**REQUIREMENT**
Copy the records below exactly, leaving out any pictures.
*** Opening DATA EXTRACT ***
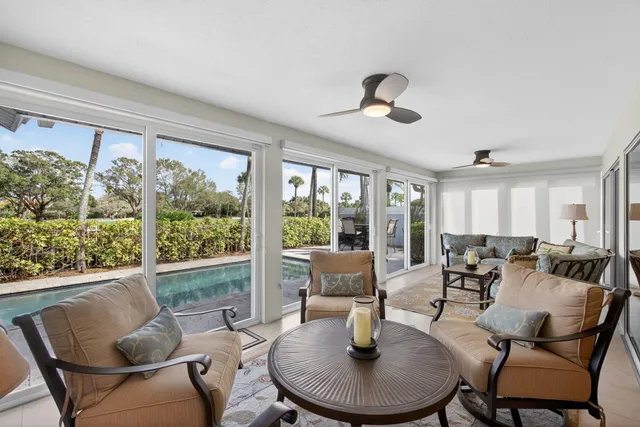 a spacious bathroom with a granite countertop sink and a mirror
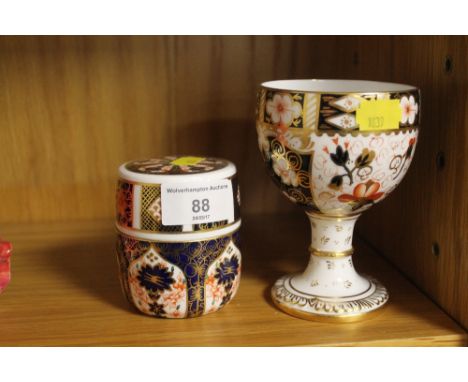 A ROYAL CROWN DERBY IMARI STYLE GOBLET TOGETHER WITH A LIGHTER AND COVER (2)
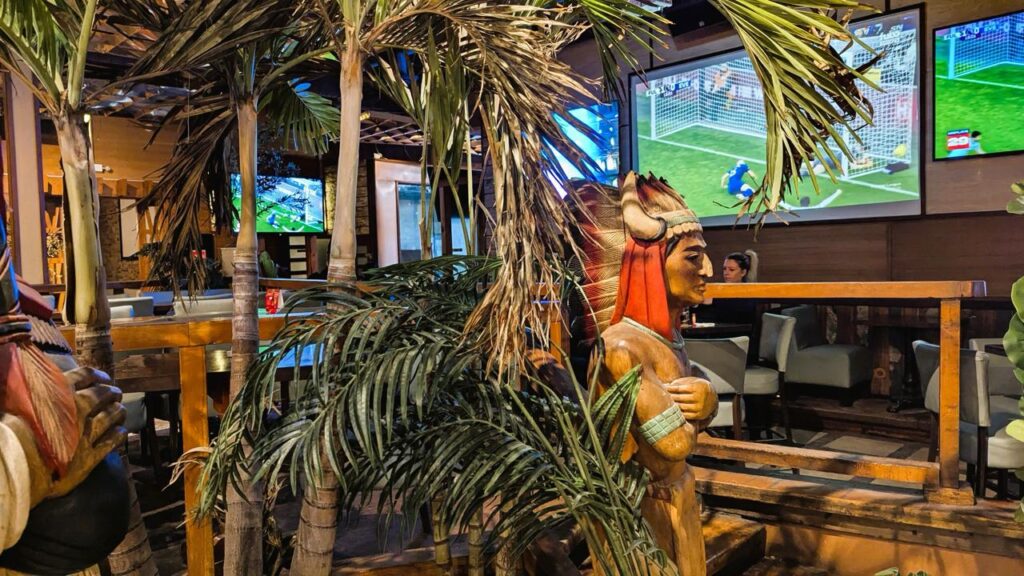 Big-screen TVs showing live sports above the bar at Arizona Grill Lounge in Etobicoke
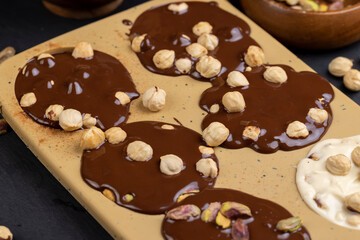 making homemade chocolate with different ingredients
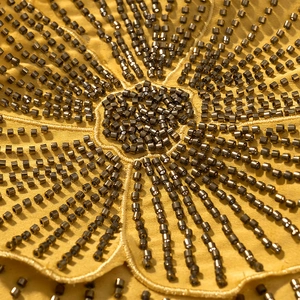 Close-up of intricate flower beadwork and metallic sequins on yellow halter dress fabric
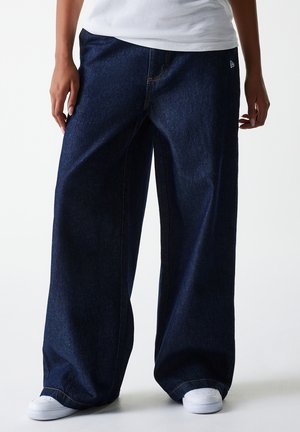 Dark blue wide-leg denim pants with visible stitching and a logo accent. Worn with white sneakers for casual styling.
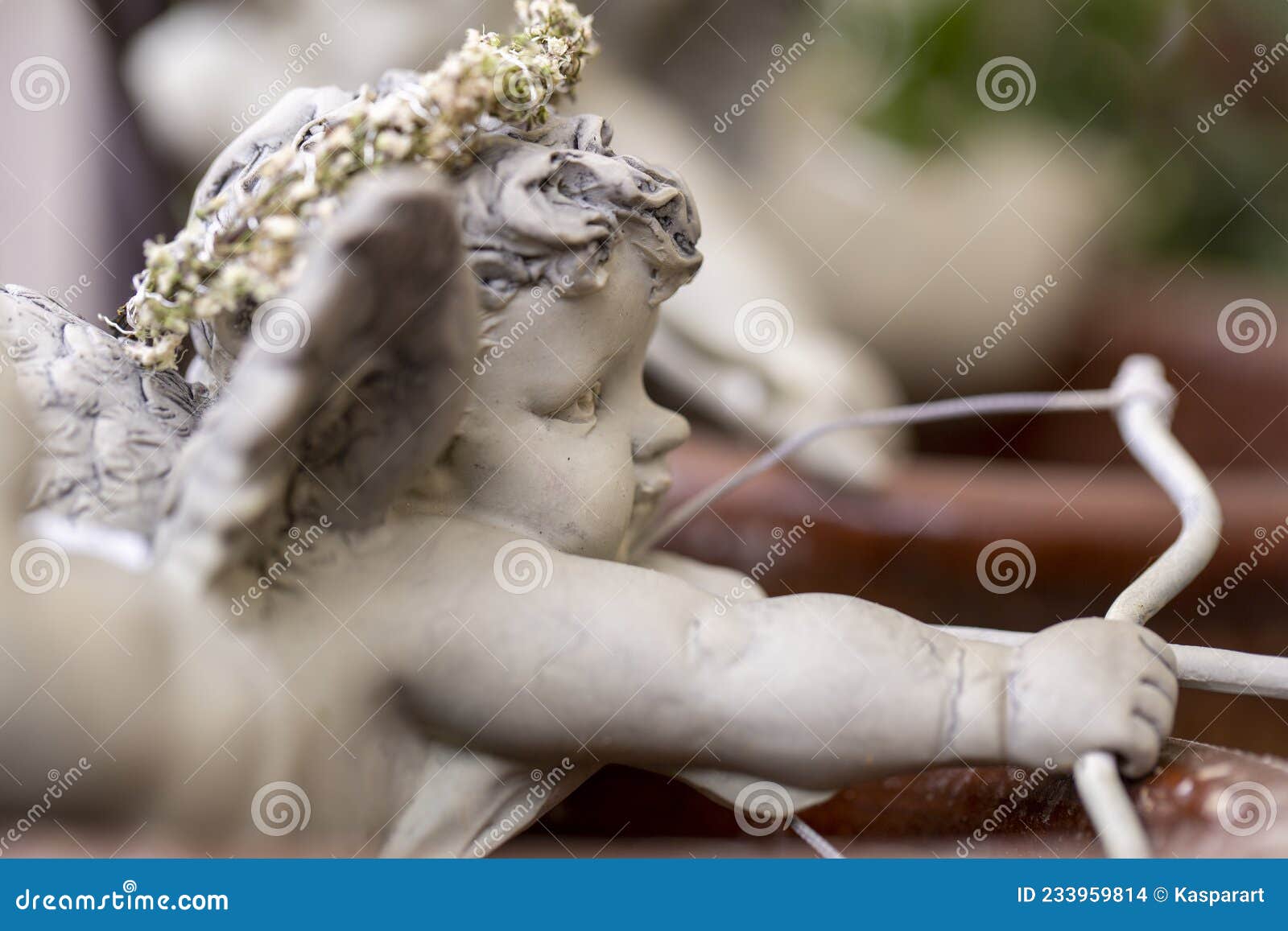figurine of amor aiming with bow and arrow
*** Closing DATA EXTRACT ***
**RESPONSE TO THIS EXERCISE**
 a spacious bathroom with a granite countertop sink and a mirror
 A ROYAL CROWN DERBY IMARI STYLE GOBLET TOGETHER WITH A LIGHTER AND COVER (2)
 Big-screen TVs showing live sports above the bar at Arizona Grill Lounge in Etobicoke
 making homemade chocolate with different ingredients
 Close-up of intricate flower beadwork and metallic sequins on yellow halter dress fabric
 Dark blue wide-leg denim pants with visible stitching and a logo accent. Worn with white sneakers for casual styling.
figurine of amor aiming with bow and arrow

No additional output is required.